Data provided:
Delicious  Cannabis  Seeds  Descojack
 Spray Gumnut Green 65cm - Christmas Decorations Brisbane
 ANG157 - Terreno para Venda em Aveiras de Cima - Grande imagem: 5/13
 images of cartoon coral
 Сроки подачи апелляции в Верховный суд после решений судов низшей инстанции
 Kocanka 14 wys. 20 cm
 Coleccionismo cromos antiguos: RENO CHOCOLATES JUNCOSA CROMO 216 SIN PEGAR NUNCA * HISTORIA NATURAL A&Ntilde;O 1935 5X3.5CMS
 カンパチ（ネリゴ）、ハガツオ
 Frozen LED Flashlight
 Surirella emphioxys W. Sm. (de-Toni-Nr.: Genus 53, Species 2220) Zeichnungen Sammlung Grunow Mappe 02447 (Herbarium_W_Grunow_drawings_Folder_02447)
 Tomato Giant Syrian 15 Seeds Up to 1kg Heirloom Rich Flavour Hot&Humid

How to complete this task:
I need each line of the entries that holds the string "Seeds" located and copied.

Response to the exercise:
Delicious  Cannabis  Seeds  Descojack
 Tomato Giant Syrian 15 Seeds Up to 1kg Heirloom Rich Flavour Hot&Humid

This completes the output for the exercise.